US Dollar Hits 13-Month High as Fed Rate Hike Expectations Rise
The US dollar extended its rally for a third straight trading session on Wednesday, reaching its strongest level in 13 months as investors raised expectations that the Federal Reserve could continue increasing interest rates later this year.
Stronger expectations for tighter monetary policy, resilient US economic data, and renewed geopolitical uncertainty have all contributed to growing demand for the greenback.
Higher Fed Rate Expectations Support the Dollar
Recent remarks from Federal Reserve policymakers reinforced the central bank’s commitment to controlling inflation.
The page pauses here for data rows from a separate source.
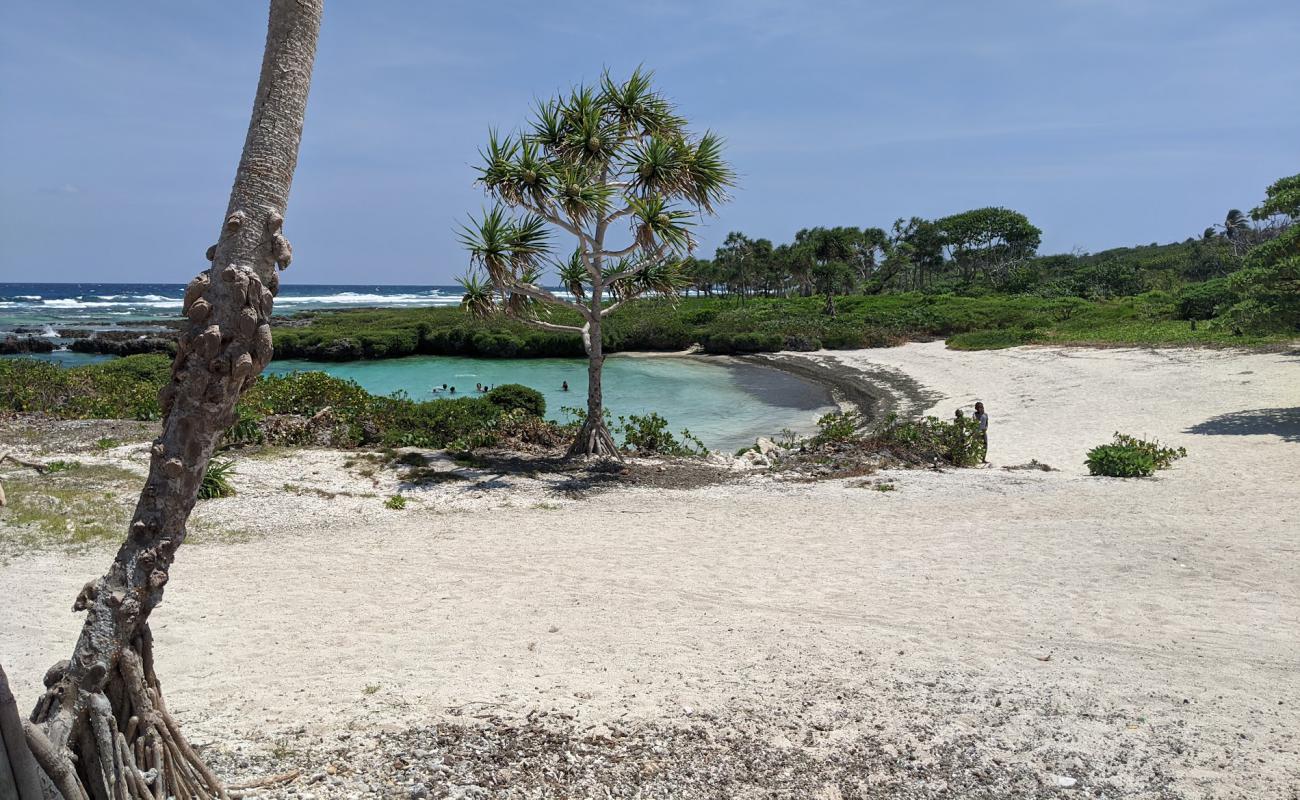 Foto af Ch-something beach med lys sand overflade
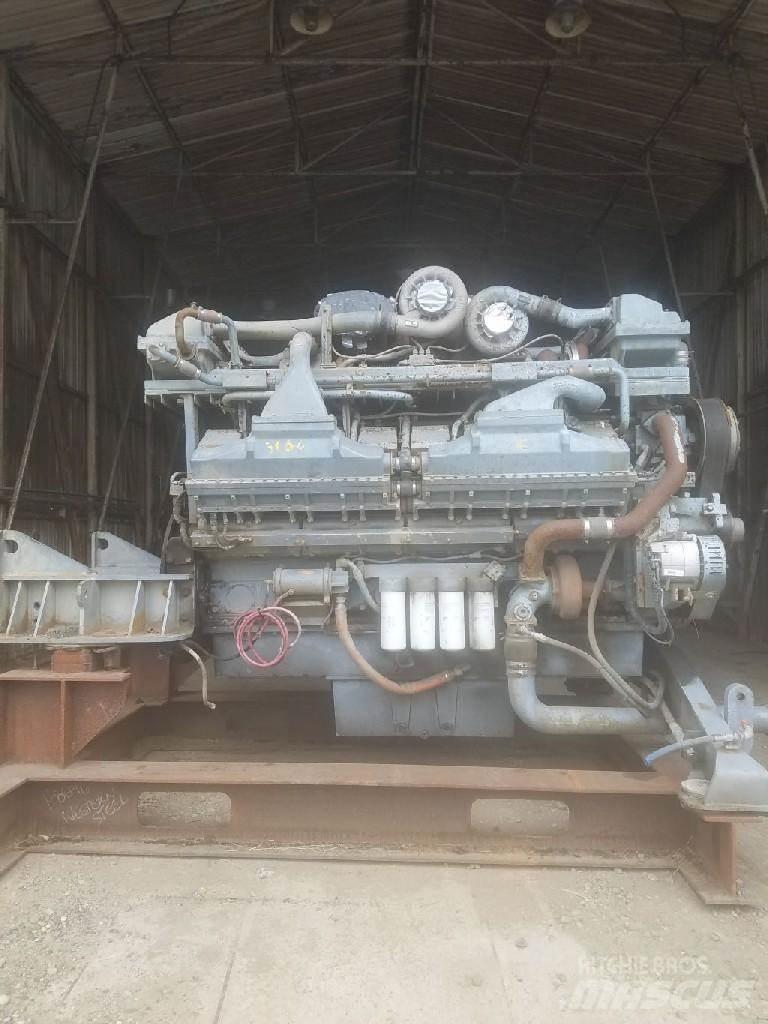 Cummins QSK60 Moottorit
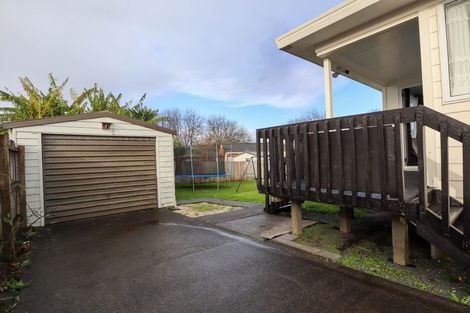 Photo of property in 2/72 Palmers Road, Clendon Park, Auckland, 2103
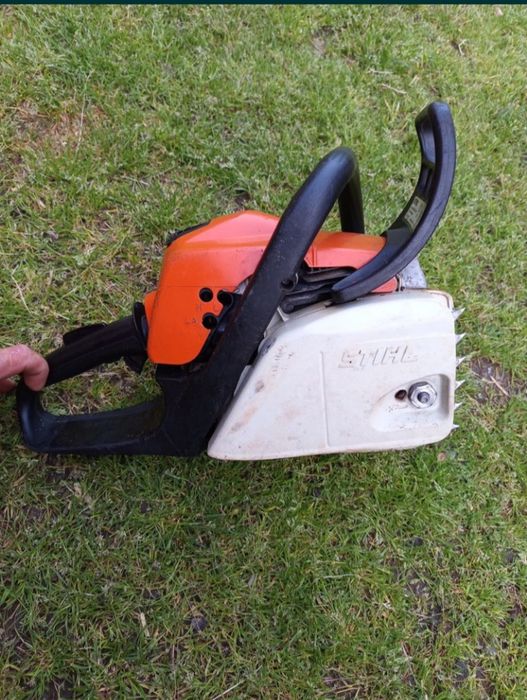 Vând Stihl MS181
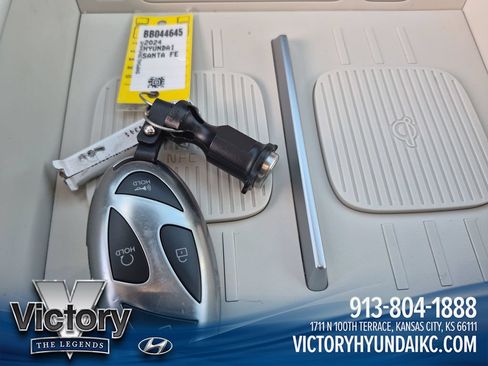Used 2024 Hyundai Santa Fe Calligraphy FWD image 29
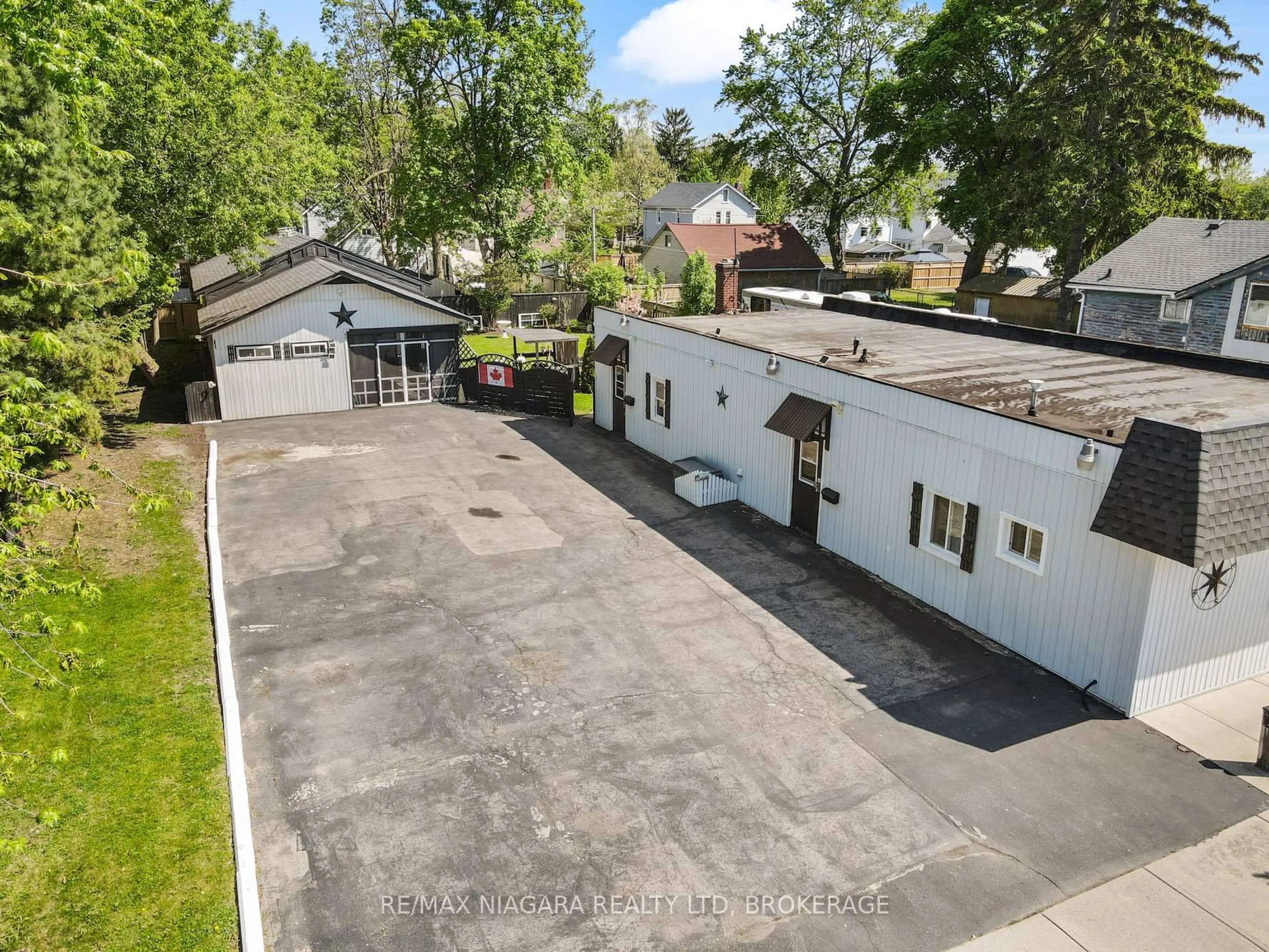 A pic from outside/outdoor area/front of a property/back of a property/a pic from drone, street for 61 Queen St, Fort Erie Ontario L2A 1T7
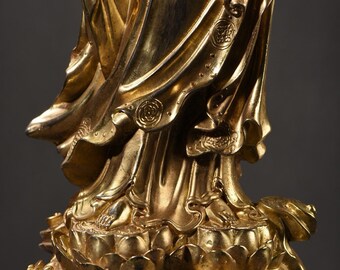 中国骨董品として作られた、精巧で希少な金銅の観音菩薩像 - Etsy 日本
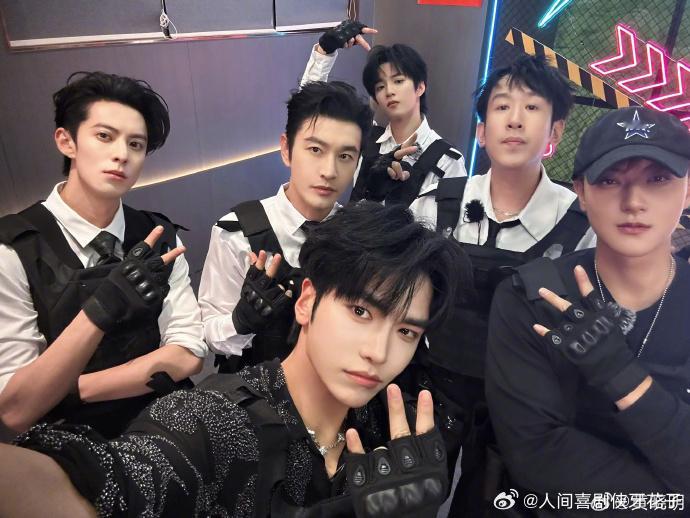 宇宙闪烁请注意下一期去哈尔滨宇宙爆闪团下一站去哈尔滨玩《宇宙闪烁请注意》下一站哈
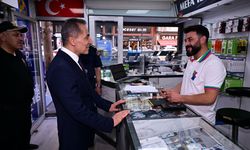 Vali Kök, Nevşehir’de Milli İrade Caddesi Esnafını Ziyaret Etti
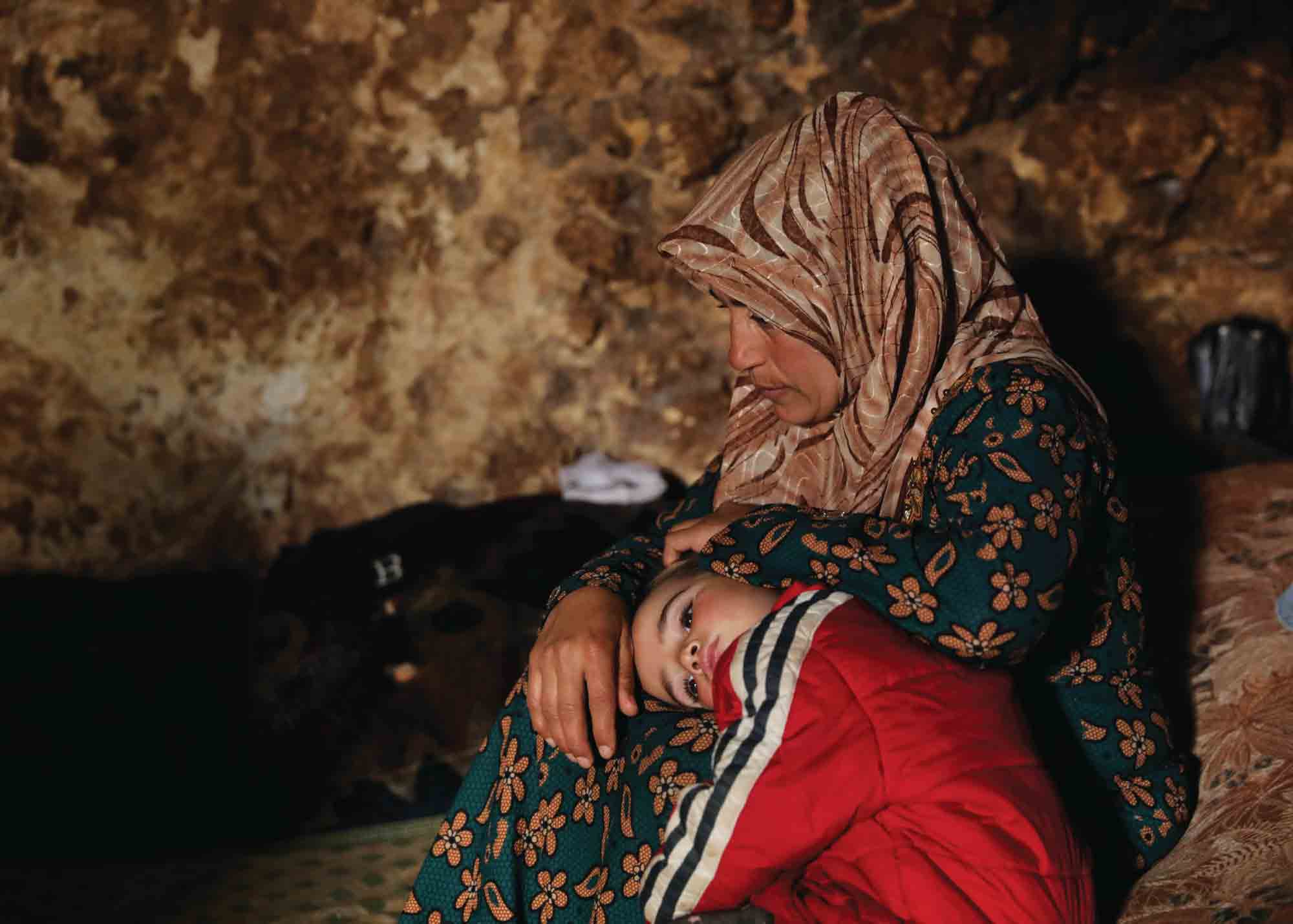 طفلة متعبة تعيش مع عائلتها في كهف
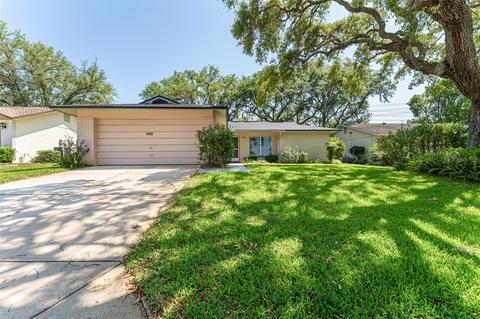 8500 Winding Wood Dr, Port Richey, FL 34668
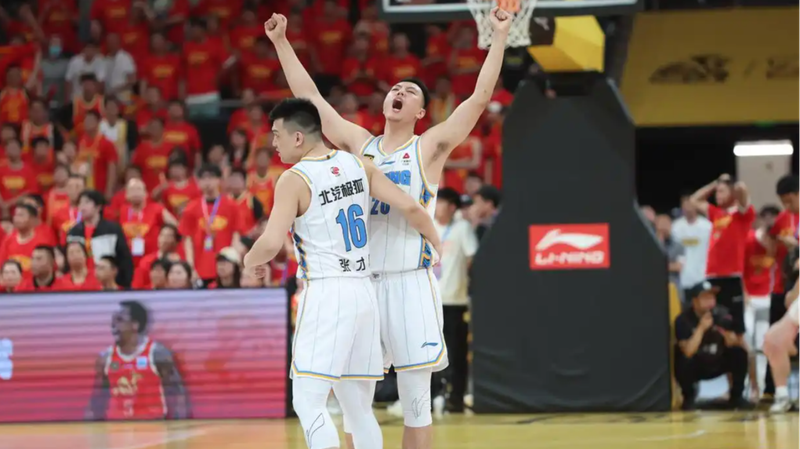 Bắc Kinh Ducks vượt qua Guangsha Lions 94-92 trong trận Game 5 kịch tính của CBA Bắc Kinh Ducks vượt qua Guangsha Lions 94-92 trong trận Game 5 kịch tính của CBA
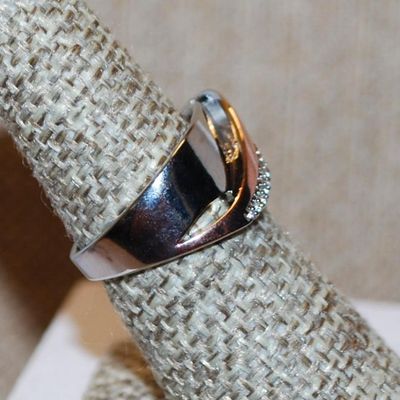 Size 4¾ Contemporary Two-Tone Ring with Line Accents on a Silver Tone Band (5.3g)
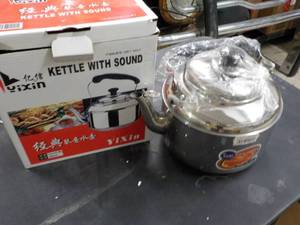 lot 262 image: Yixin kettle with sound...
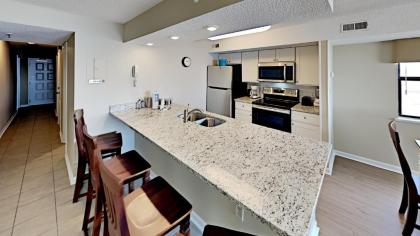 Oceans 504 2BR 2BA Oceanfront Condo - image 1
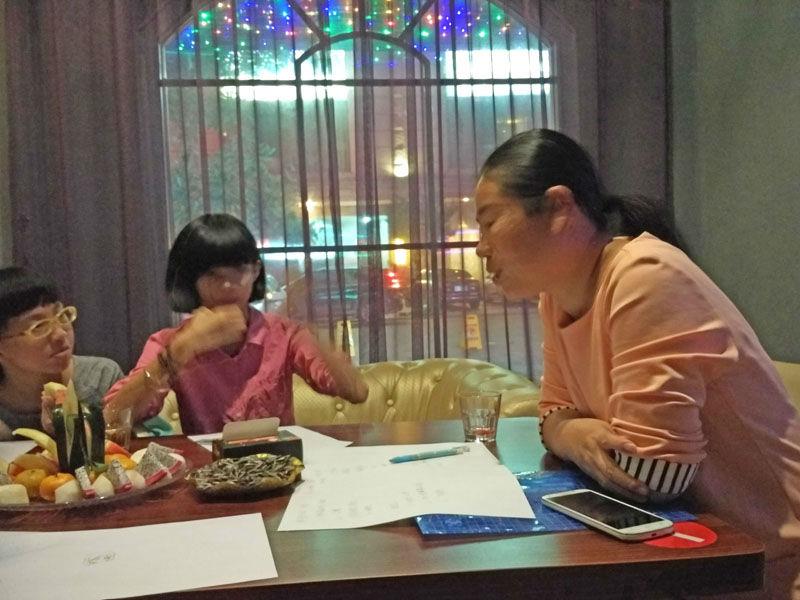 孩子们在认真张老师讲解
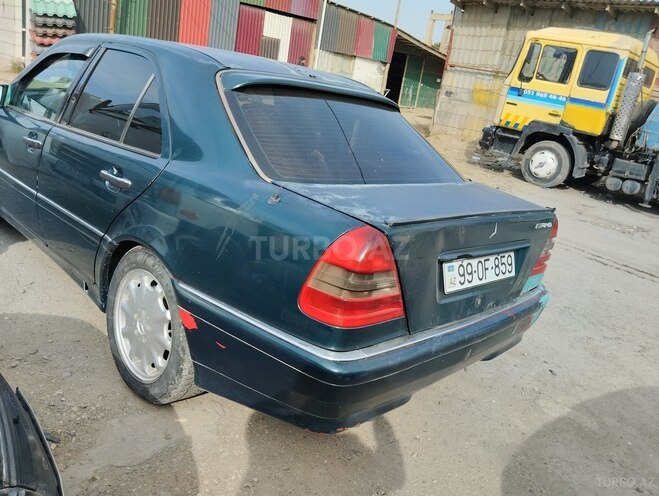 Mercedes C 250 1995, 250,000 km - 2.5 l - Bakı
Although inflation has eased from previous highs, officials remain cautious about persistent price pressures.
Interest-rate futures currently imply a 32% probability of a 25-basis-point rate hike in July, while the chance of another increase by September has climbed to around 66%.
Investors are also closely watching the upcoming Personal Consumption Expenditures (PCE) Price Index, the Fed’s preferred inflation gauge, which could influence future monetary policy decisions.
Iran Uncertainty Increases Safe-Haven Demand
Geopolitical tensions also supported the US dollar after uncertainty emerged over the preliminary peace agreement between the United States and Iran.
Although oil prices declined to levels seen before the conflict as shipping activity resumed through the Strait of Hormuz, investors continued to favor the dollar as a safe-haven asset amid ongoing uncertainty.
According to Juan Perez, Director of Trading at Monex USA, the combination of a hawkish Federal Reserve and geopolitical concerns is strengthening the dollar’s dominance in global currency markets.
Dollar Index Climbs to 13-Month Peak
The US Dollar Index (DXY) rose 0.2% to 101.60 after touching 101.80, its highest level since May 12, 2025.
Meanwhile:
- The euro slipped 0.2% to $1.1355.
- The dollar remained on track for its longest winning streak since early June.
- Month-end portfolio adjustments showed moderate demand for the US dollar against major currencies.
Markets Await Key Inflation Data
Financial markets are now focused on Thursday’s release of the May PCE inflation report.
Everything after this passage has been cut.